2 comments on “(NY Times Beliefs) Across Religions, Persistent Battles Over What the Faithful May Read

  1. Timothy says:

    [blockquote]”In the Reformation, Protestants were persecuted for making the Bible available in vernacular translations, so that laypeople, in addition to priests, could read it.”[/blockquote]

    The myth raises its head once again. Any persecutions were for unauthorized translations of the Bible, not for vernacular translations. The Church wrote the Bible, selected the canon, painstakingly protected the Bible by hand copying, and later mass produced the Bible by printing it. Thus, the Church is the authority on its translation and interpretation.

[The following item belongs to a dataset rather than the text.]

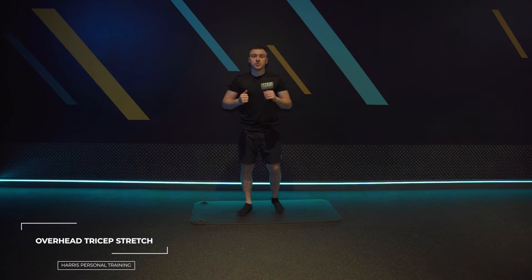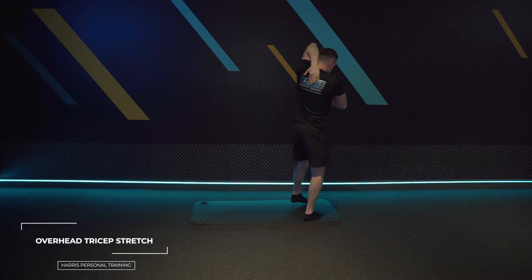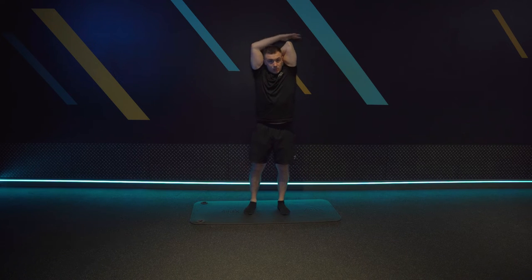Next we've got the overhead tricep stretch. Pull it up, biceps to your ear, lengthen the muscle first, then drop it down so you're putting your hand to the middle of your back. Then use your other hand to gently push down.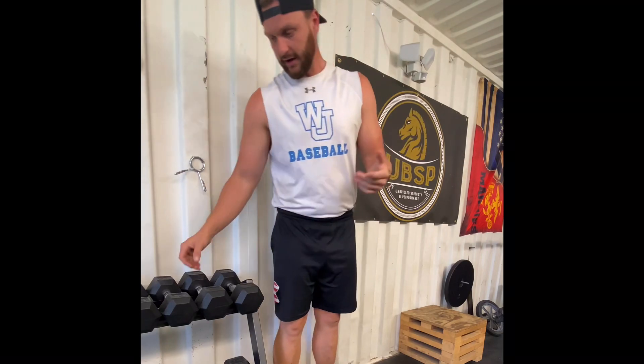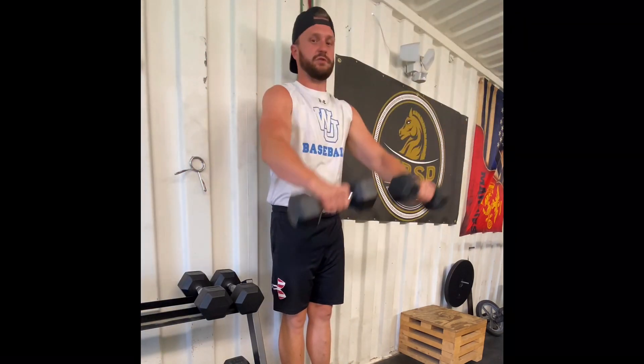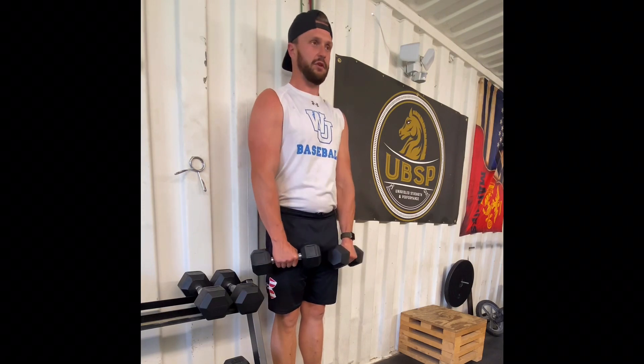The next exercise I have for you today is the dumbbell front raise hold. We're all familiar with a front raise — just picking the dumbbells up in the forward plane of motion. Now what we're going to do is lean into a wall and have a friend time you.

That authority includes identifying which books faithfully transmit the faith handed down from the Apostles and which do not.

    Interesting to read about Islam dabbling in history and archeology. That could be mortal to their faith as there is no historical evidence for the existence of the prophet Muhammad. If Muhammad never actually existed, then the Koran could not have been dictated by an angel to Muhammad. No Prophet, no Koran, no Islam.

  2. NoVA Scout says:

    I would think it fairly difficult to prove, by historic research, archaeology or any other discipline that a specific person who is said to have lived centuries ago did not exist. I have reluctant doubts about some of the colorful heroes of Greek times (e.g., Ulysses, Achilles), but I would be hard pressed to prove authoritatively that they did not exist.